■ What to work on ■
Your answer should hold only the lines from the one with "Arri-Aufnahmebolzen" through the end of the records, repeated exactly and minus any pictures.

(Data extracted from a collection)
——

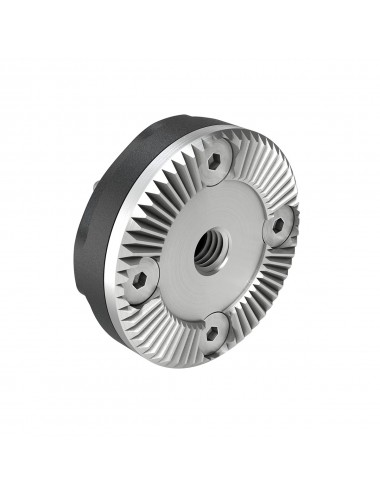 Arri Rosette 32mm Mount mit Arri Locating Pins 8Sinn - Hauptmerkmale:

M6 Hauptbefestigungspunkt
Arri-Aufnahmebolzen
3/8" bis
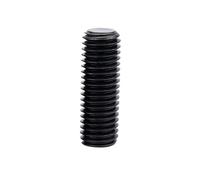 1-25 uds M4 M5 M6 M8 M10 M12 DIN913 12,9 grado acero hexagonal tornillo plano sin cabeza(10pcs M8x1x14)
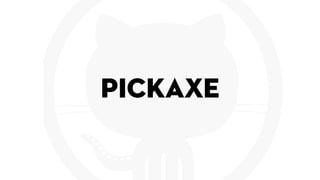pickaxe
 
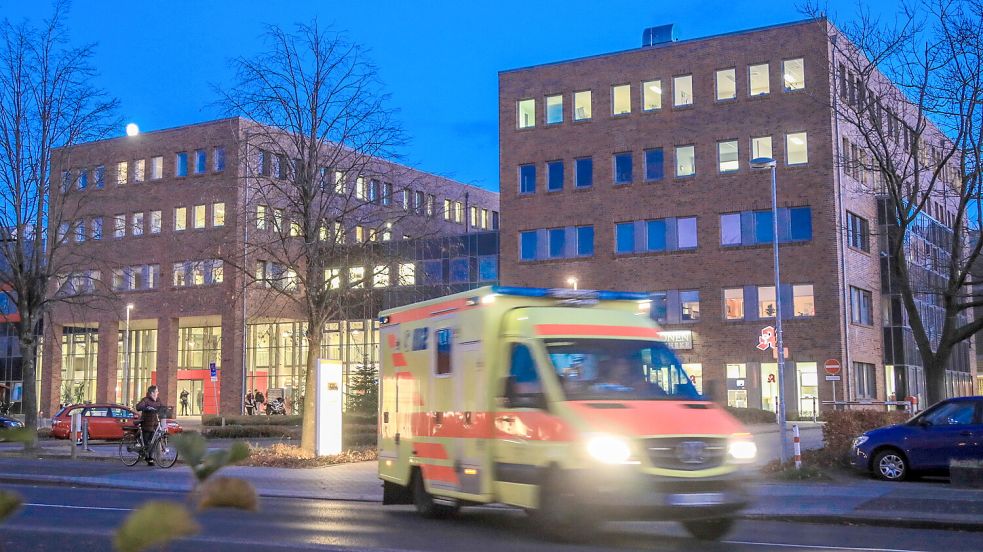 Die Ubbo-Emmius-Klinik in Aurich. Foto: Romuald Banik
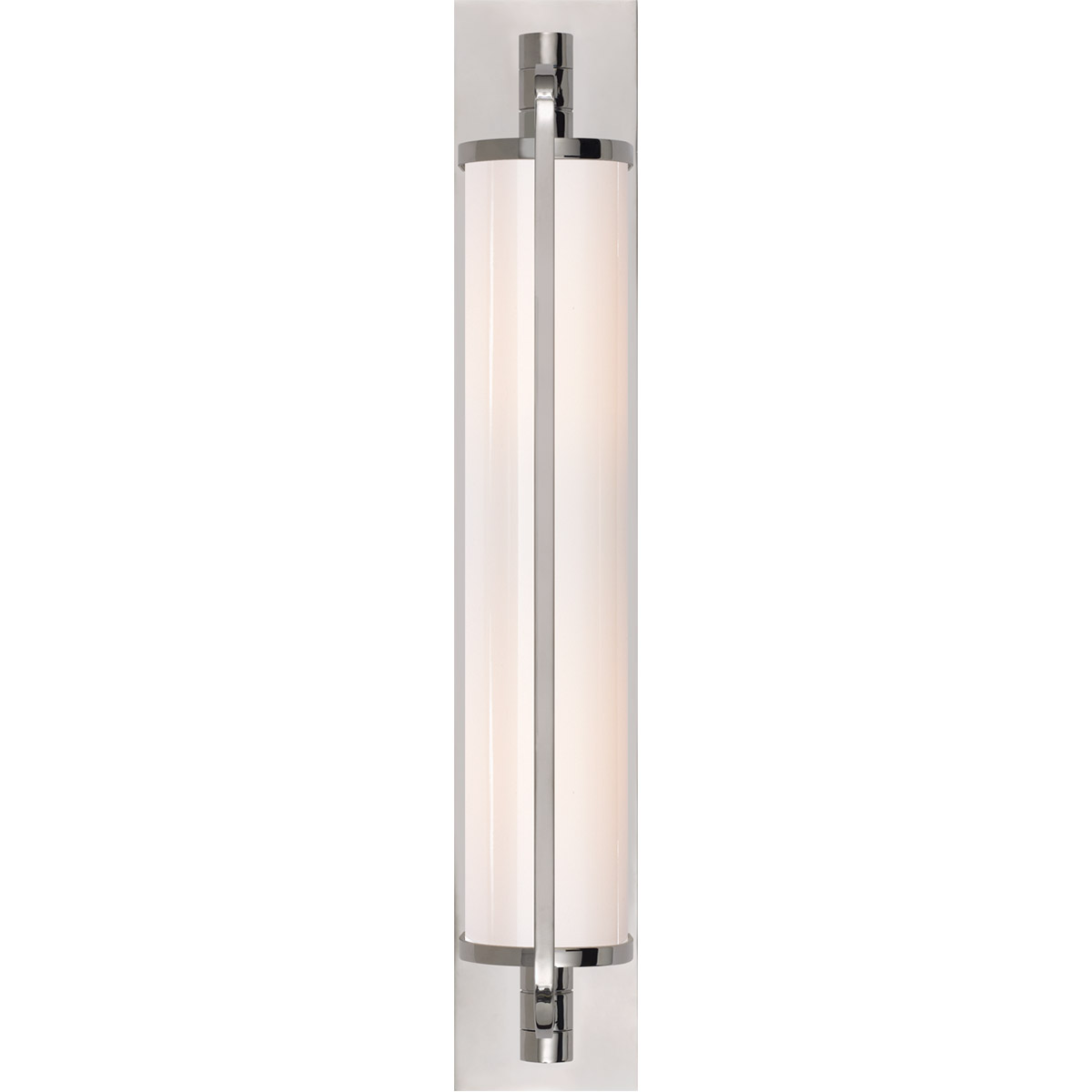 Thomas O'Brien Keeley 2 Light 3.5 inch Polished Nickel Tall Pivoting Bath Sconce Wall Light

——

■ Result of the task ■
Arri-Aufnahmebolzen
3/8" bis
 1-25 uds M4 M5 M6 M8 M10 M12 DIN913 12,9 grado acero hexagonal tornillo plano sin cabeza(10pcs M8x1x14)
pickaxe
 
 Die Ubbo-Emmius-Klinik in Aurich. Foto: Romuald Banik
 Thomas O'Brien Keeley 2 Light 3.5 inch Polished Nickel Tall Pivoting Bath Sconce Wall Light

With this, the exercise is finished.